A number of the papers profile the Blackburn-based petrol station tycoons the Issa brothers who have become majority owners of Asda. The rags to riches story of the Issa brothers, two of Britain’s wealthiest businessmen, catches even those local leaders who have observed their rise at closer quarters by surprise (The Times £). The Telegraph writes that the brothers “learnt about hard graft from an early age”. It is the latest stage in the brothers’ extraordinary rags to riches story, which saw them turn a single petrol station in Bury into an empire of 5,900 branches (The Daily Mail). The timing of their petrol forecourt empire growth was spot on, with the big oil companies trying to offload their forecourts – with the brothers taking on those tired petrol stations and installing branches of Spar, Carrefour and other supermarket chains alongside Subway outlets, Burger King, Greggs and KFC (The Guardian).

The return of Asda to UK ownership will bring a fresh dynamic to the grocery market, writes The Mail’s Alex Brummer. “It underlines how smart the Competition Commission was to block the Asda merger with Sainsbury’s, which would have cut the number of big grocery chains from four to three… After a passage of time, we shouldn’t discount the idea of the Issa brothers and TDR Capital returning Asda to public markets vacated two decades ago.” (The Daily Mail)

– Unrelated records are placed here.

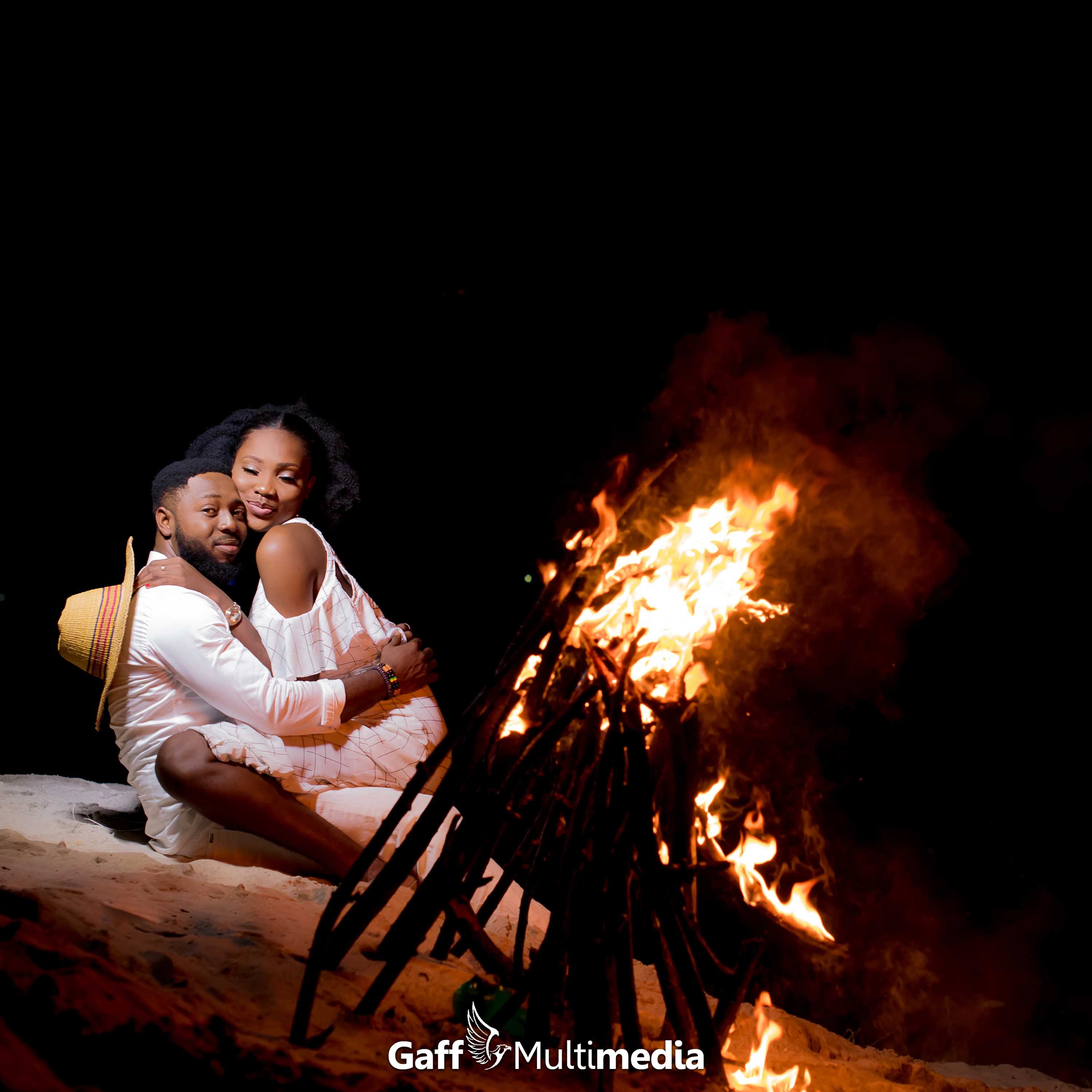 Kelechi & Eric’s Pre-wedding Shoot + Love Story #Keler2019
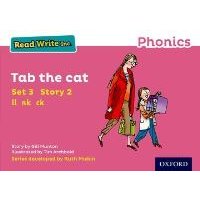 Tab the Cat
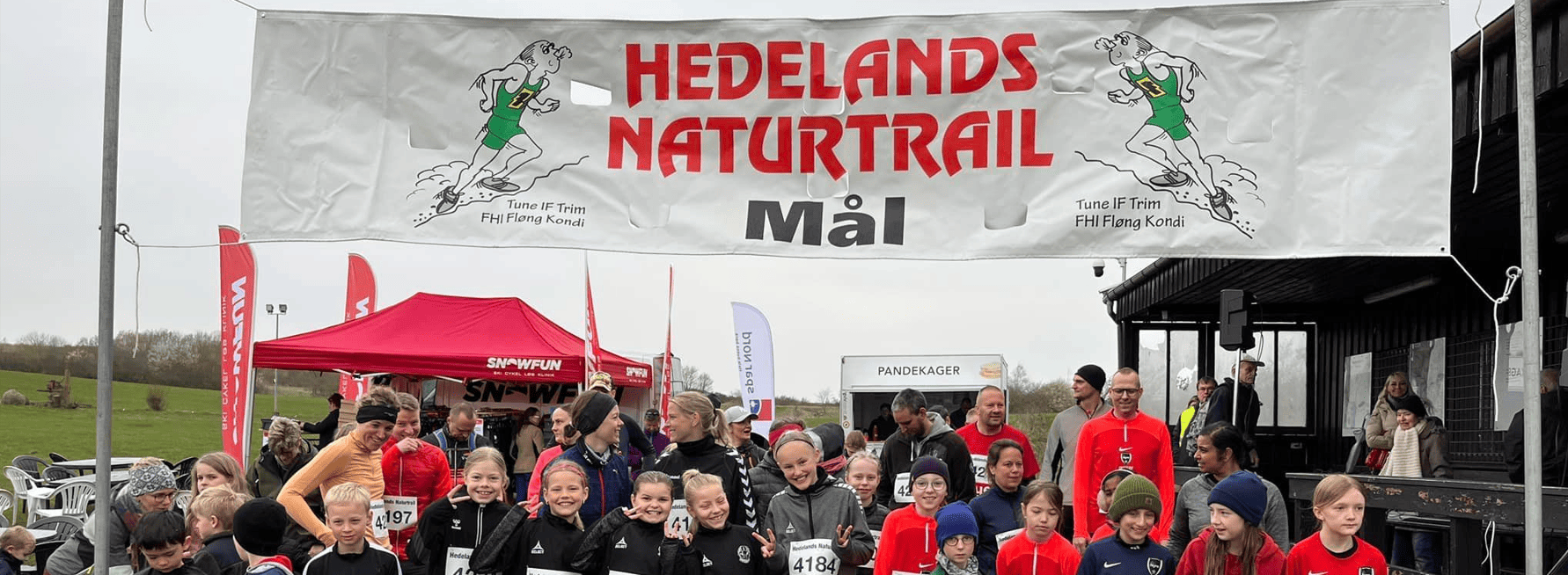 Hedelands Naturtrail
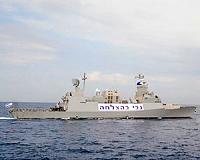 Israel buying German corvettes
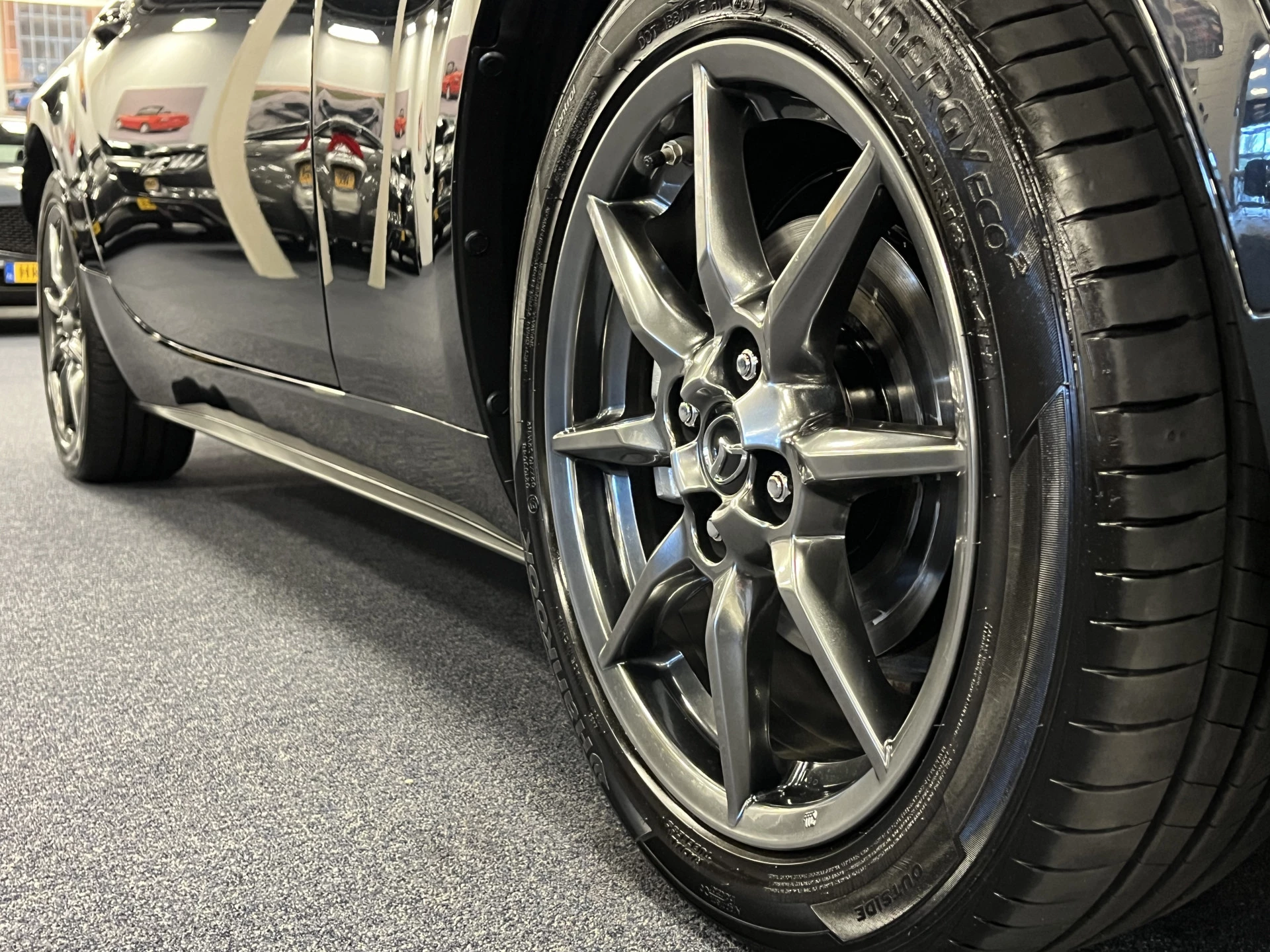 Hoofdafbeelding Mazda MX-5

The new owners of Asda paid only £55m in tax over the past five years on revenues of £37.5bn after a debt-fuelled rapid expansion of their petrol forecourt business (The Times £). The new owners of Asda have built a business empire fuelled by billions of pounds of debt, low tax bills and links to a string of global tax havens including Jersey and the Cayman Islands (The Daily Mail).

The FT looks at “how Walmart’s UK invasion fizzled out”. It writes: “Two decades on, Walmart has failed to realise its early ambitions. While Asda has hardly been a disaster for the US group — it retains a share of about 14.5 per cent of the UK grocery market — it has failed to upstage Tesco and has instead jostled with Sainsbury’s for the number-two position.” (The Financial Times £) What’s next for Asda after the Walmart era, asks The Telegraph?

Waitrose has stolen an early march on Ocado in the scrap for middle-class shoppers. Weekly orders on waitrose.com have grown to nearly 190,000 — a 20% increase since the split from Ocado just over a month ago (The Times £). Waitrose has claimed an early victory against Ocado in the race to woo middle class shoppers. Weekly orders have risen by 20% to 190,000 after its products were replaced by those from Marks & Spencer on Ocado’s website (The Daily Mail).

The Italian food producer behind Buitoni pasta has joined the £100m race to acquire Hovis, the 134-year-old British bread brand. (Sky News)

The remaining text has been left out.